• _EXERCISE GOAL_
Please set down only the lines below starting with the line with "3 bed terraced" and going on through the line with "(Brand New) Casio", verbatim and without pictures.

### SUPPLIED ENTRIES ###

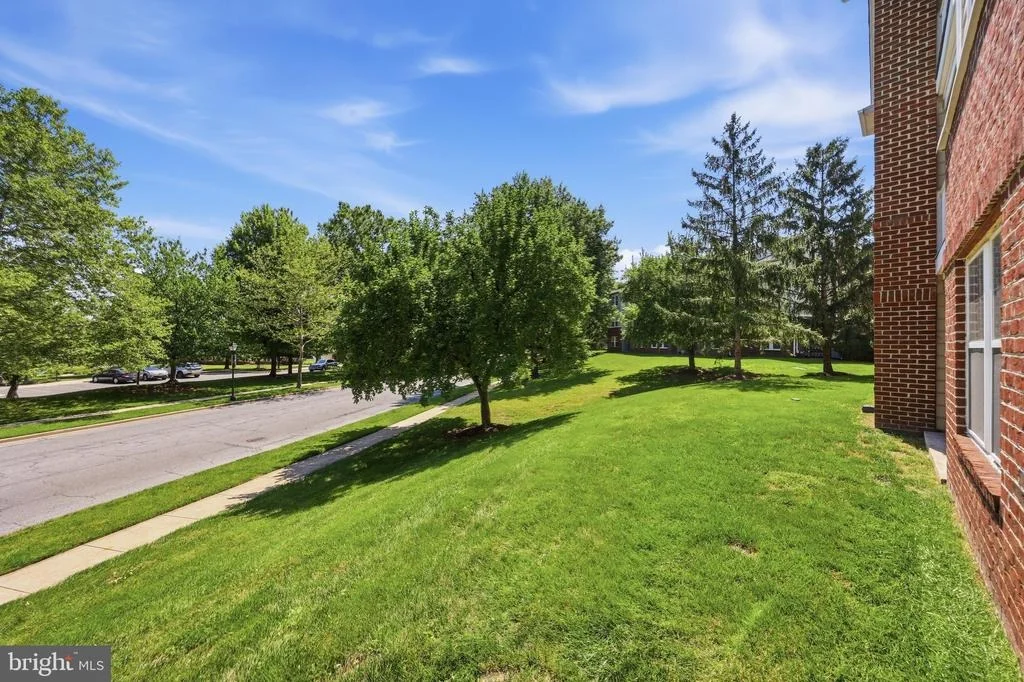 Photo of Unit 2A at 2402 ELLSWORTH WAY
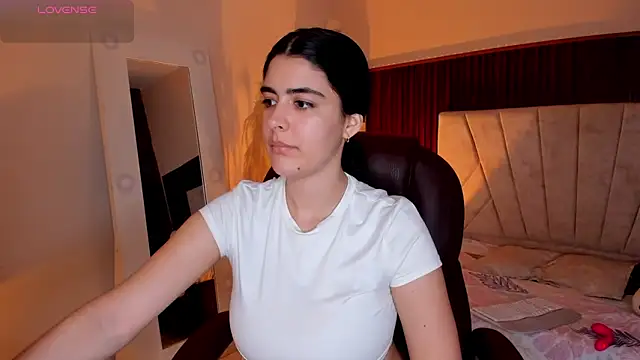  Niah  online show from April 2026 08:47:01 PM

###
### SUPPLIED ENTRIES ###

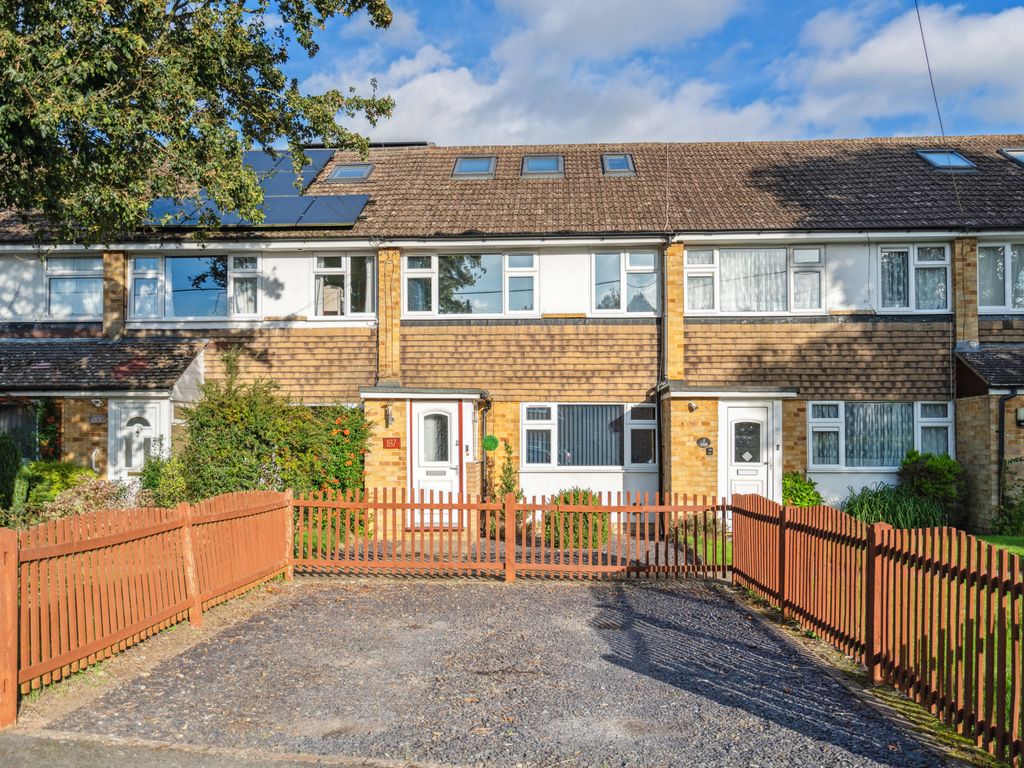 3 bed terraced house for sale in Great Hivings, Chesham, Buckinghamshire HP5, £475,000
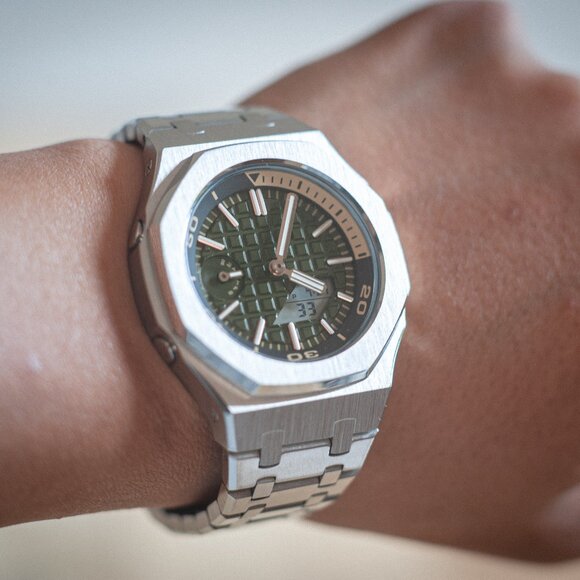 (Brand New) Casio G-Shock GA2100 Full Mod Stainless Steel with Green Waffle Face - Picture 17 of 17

###
### SUPPLIED ENTRIES ###

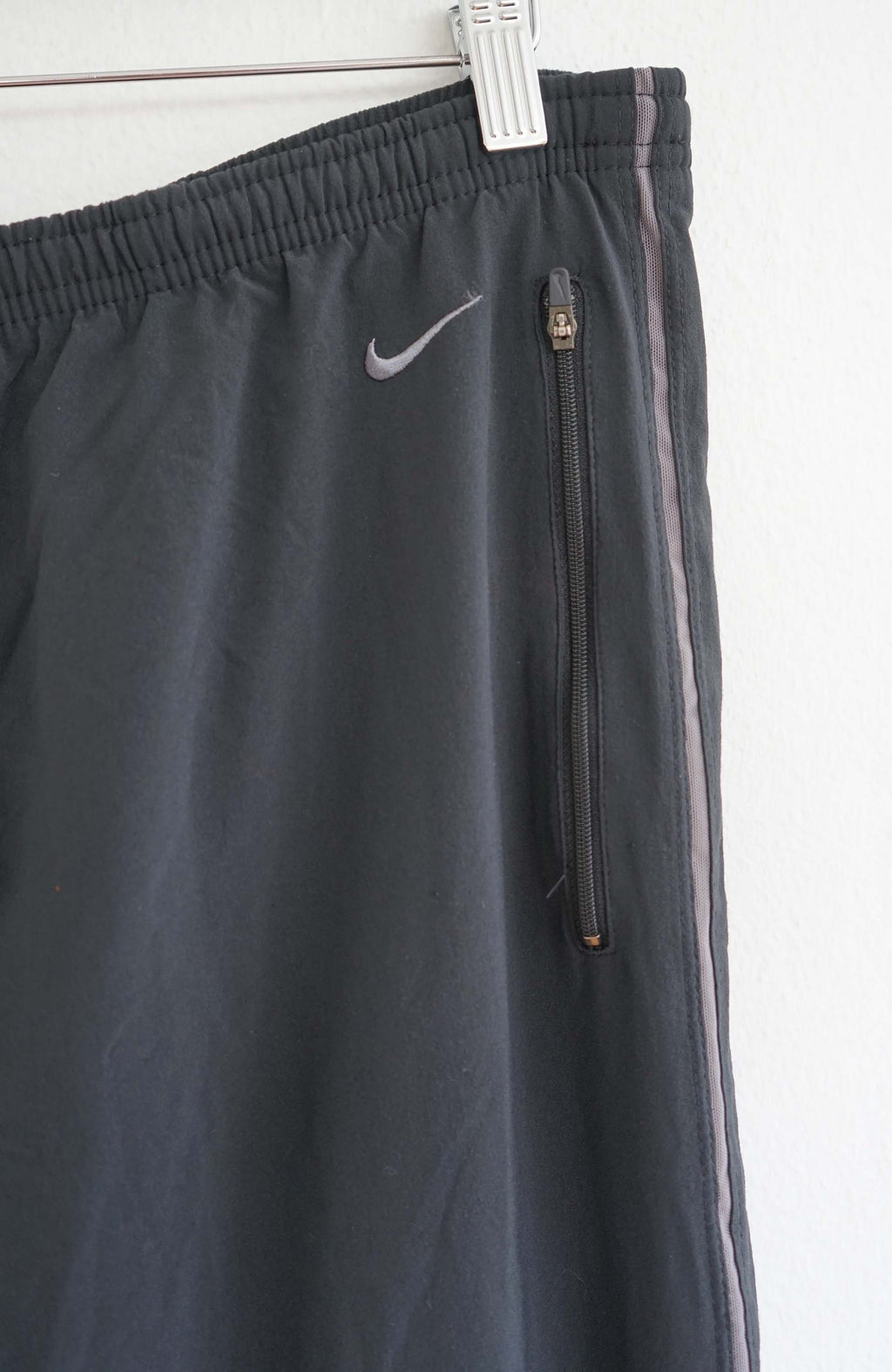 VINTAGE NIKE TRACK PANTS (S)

###

• _OUTPUT FOR THIS EXERCISE_
 3 bed terraced house for sale in Great Hivings, Chesham, Buckinghamshire HP5, £475,000
 (Brand New) Casio G-Shock GA2100 Full Mod Stainless Steel with Green Waffle Face - Picture 17 of 17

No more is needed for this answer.